=== Given information ===
########################################

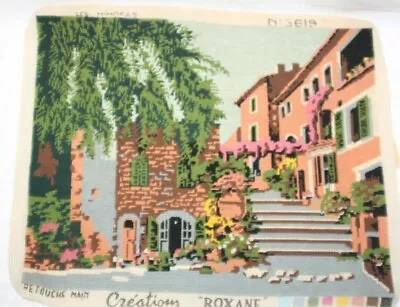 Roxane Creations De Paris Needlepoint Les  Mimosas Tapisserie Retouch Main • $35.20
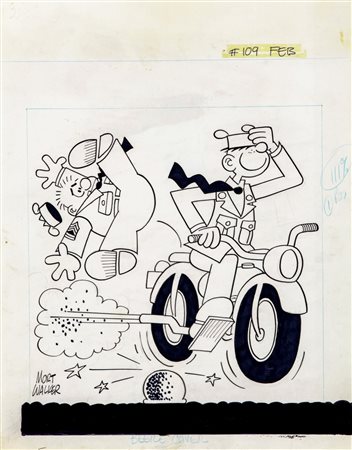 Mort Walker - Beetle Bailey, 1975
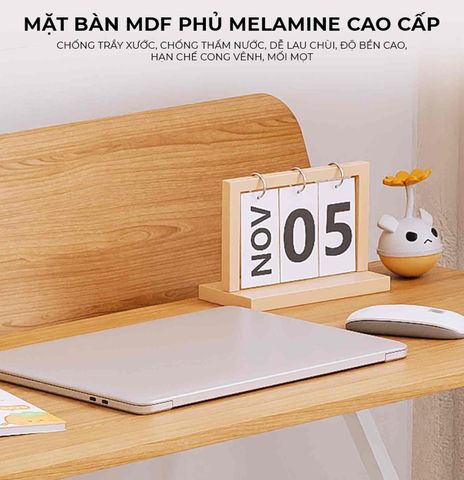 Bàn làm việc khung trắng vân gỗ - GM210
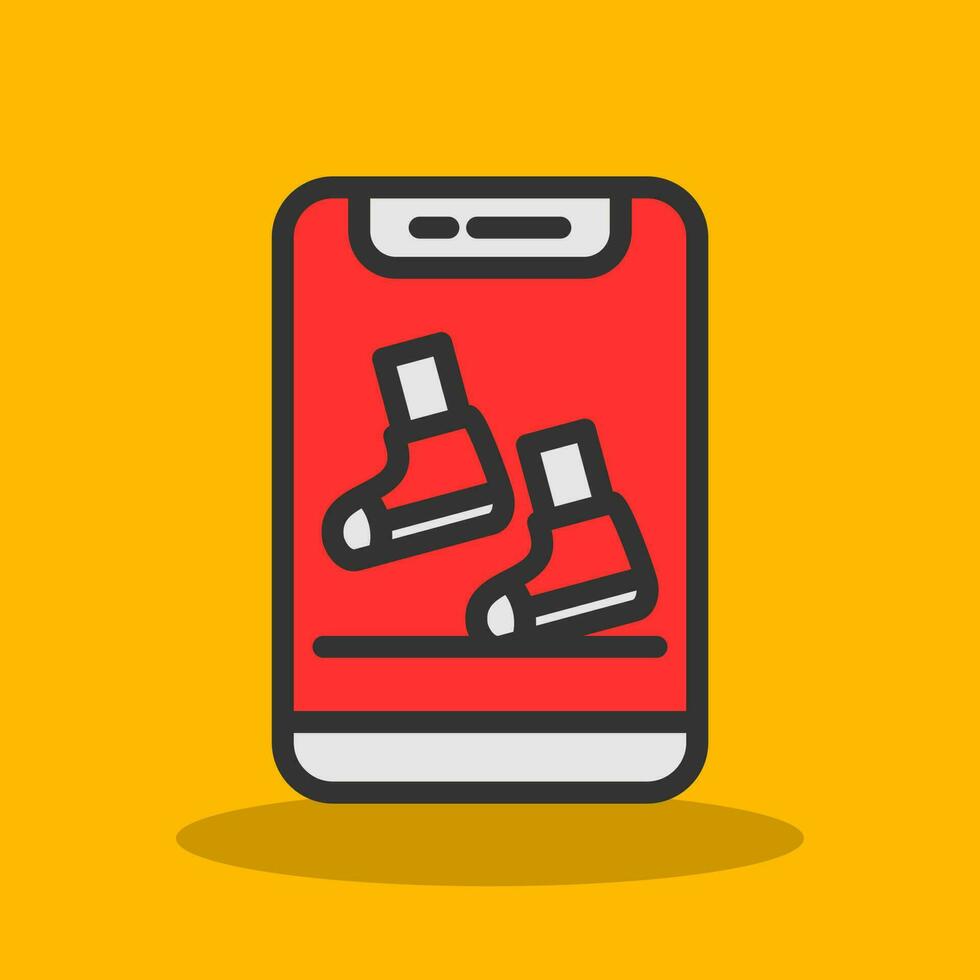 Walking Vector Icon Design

########################################

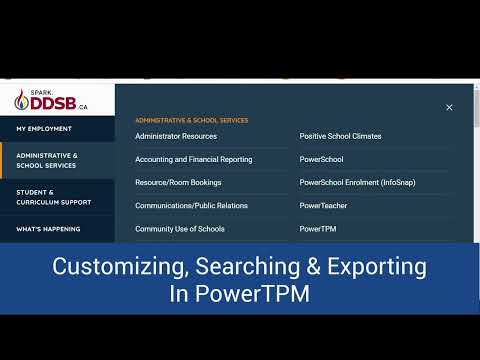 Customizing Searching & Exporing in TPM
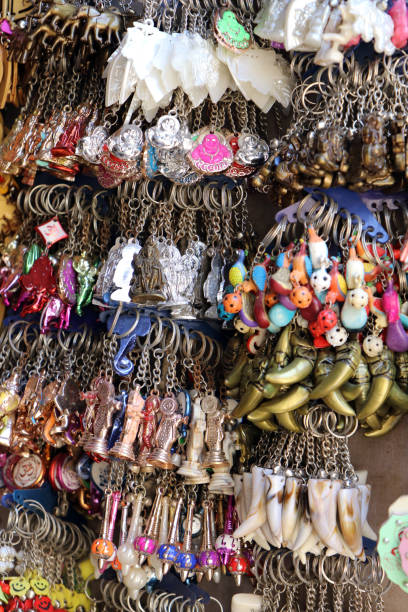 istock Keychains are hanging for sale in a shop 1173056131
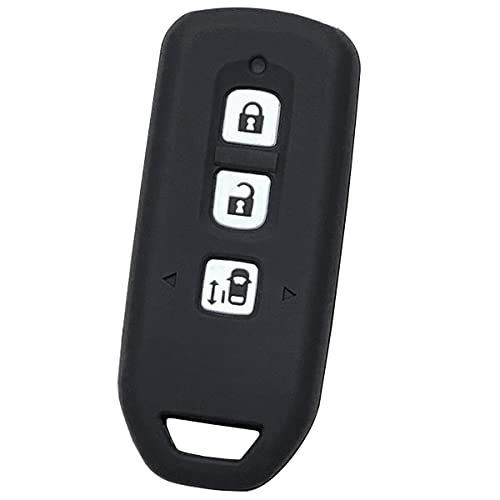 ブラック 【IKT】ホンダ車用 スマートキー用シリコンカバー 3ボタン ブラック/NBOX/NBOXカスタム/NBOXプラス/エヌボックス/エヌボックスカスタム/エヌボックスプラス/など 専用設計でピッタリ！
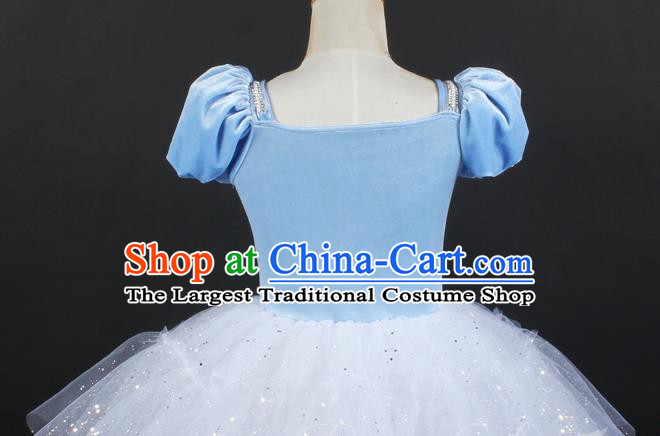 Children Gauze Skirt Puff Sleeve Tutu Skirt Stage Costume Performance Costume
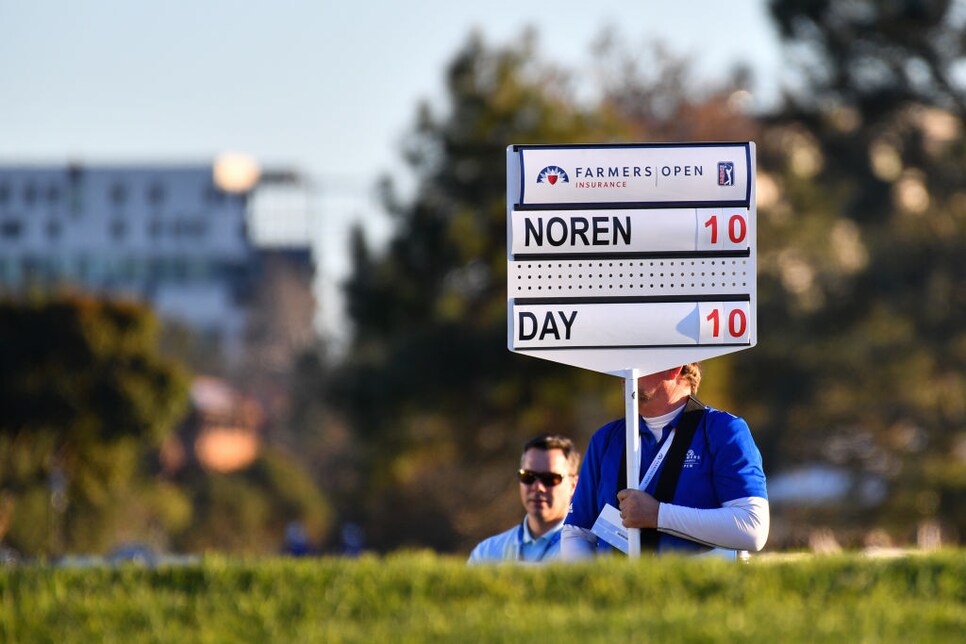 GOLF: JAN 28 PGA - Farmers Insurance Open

########################################

=== What the exercise asks ===
Copy the lines above exactly, starting at the one with "Children Gauze Skirt" and ending at the one with "GOLF: JAN 28 PGA - Farmers Insurance Open", both included. Leave out any pictures and add nothing else.

=== Written solution ===
 Children Gauze Skirt Puff Sleeve Tutu Skirt Stage Costume Performance Costume
 GOLF: JAN 28 PGA - Farmers Insurance Open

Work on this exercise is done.